Belize City, Belize, Central America


After another full day and two nights at sea, Miracle dropped anchor shortly after sunrise in the harbour at Belize City. Belize is the diving and snorkeling capital of Central America, and its coral reef is second in size only to Australia’s Great Barrier Reef. To protect the reef, large passenger vessels are required to anchor well out to sea, and the passengers are transferred to shore in small boats. With 2,700 passengers on board the Miracle, this was quite an operation.

Belize is also well-known in the USA as a tax-free shopping haven specializing in jewellery, and many passengers, particularly those of the female gender, were chafing at the bit as the first of the tender boats arrived to whisk us into Belize city.
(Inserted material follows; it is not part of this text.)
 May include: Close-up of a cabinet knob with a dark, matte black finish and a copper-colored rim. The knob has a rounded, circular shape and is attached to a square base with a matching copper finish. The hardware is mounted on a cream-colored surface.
We hired a minibus and driver to take us on a half-day tour of some of the nature sights in the countryside around the city. The guide told us that Belize was once a British colony; this is the reason why English is the principal language. The population is comprised of four main ethnic groups. One is the Mayan people, and the first stop on our tour was to inspect a centuries’ old Mayan temple ruin that was discovered overgrown in the jungle only a few decades ago during a road-building project. It was a pleasant place and we were permitted to climb to the top to get a view of the whole complex and surrounding jungle.
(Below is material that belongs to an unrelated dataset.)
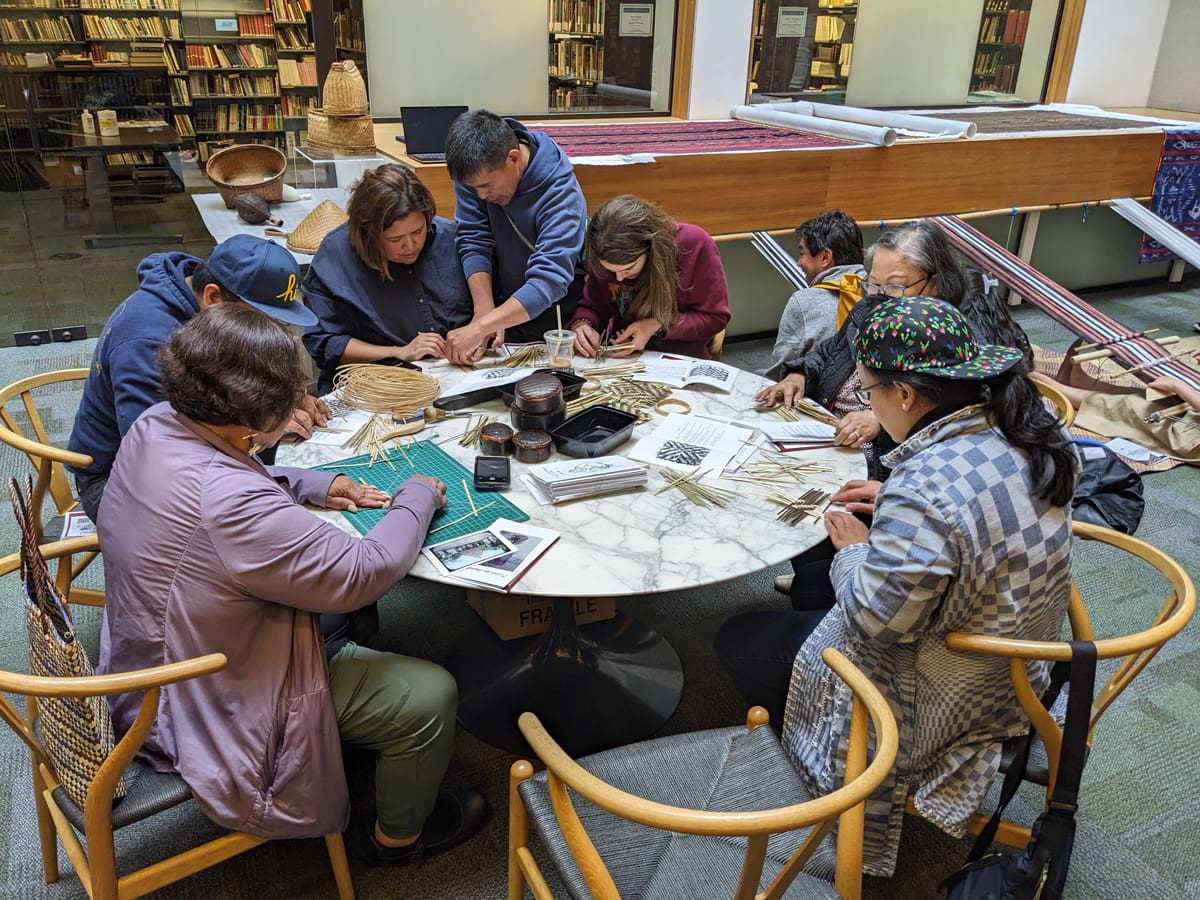 A mean leading a workshop on basket weaving.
We then visited what was touted as a baboon sanctuary, but the resident animals were actually black Howler Monkeys. The noise the dominant male made from the tree-tops as we encroached into his territory was very impressive. Our young Belizean guide had established a relationship with this particularly monkey family, and they responded energetically to his monkey-calls. He was able to get two of the family to come down from the trees and within an arm’s length of the tourists standing on the jungle path below. The only other animals we saw at this place were 20 billion mosquitoes that swarmed around us whenever we entered a darker spot on the path. The guide had issued each of us with a brush that looked like a horse’s tail, to wave at and swat the mosquitoes. But that was only slightly effective, and by the time we got the DEET spray from our backpack and applied it to our skin, I was covered in mosquito bites on my face, neck and legs. Hopefully none of the mozzies in this hot and steamy tropical jungle are carriers of malaria, denghi fever, encephalitis etc.

Our minibus then returned to Belize city for a short drive around the port area. Then there was only time for a quick stroll around the tourist market before we had to board the tender boats for the 15-minute return journey across the harbour to the Miracle. As with the two previous shore excursion days, we had had a great time, but in each case the sight of the Miracle in the distance as the tour ended was a very welcome and alluring sight indeed. This was our first time on a cruise ship, and it was a very different, almost surreal, experience. During the day we had the opportunity to see some great sights in countries where many of the people are financially very poor and have to cope with the most basic of living conditions. But then at the end of the day we were whisked back to the closeted and luxurious cocoon of the cruise ship where we could take a shower in air-conditioned comfort before heading to Bacchus to make our dinner selections, and then be entertained in the Phantom Lounge. Anyone who did not feel very fortunate at the end of each of these shore excursion days must not have been thinking.

By 4.30pm all of Miracle’s passengers had re-boarded in Belize Harbour, and shortly after 5 the anchor was raised and we were on our way again. Later over the dinner tables there was the usual interesting talk about the different tours people had taken and the sights they had seen. But tonight there were also excited recountings of the day’s forays into the shops of Belize, and the jewels and other booty brought out. Later, the concert hall, casino and bars (even Dr Frankenstein’s I noted), were back in full swing.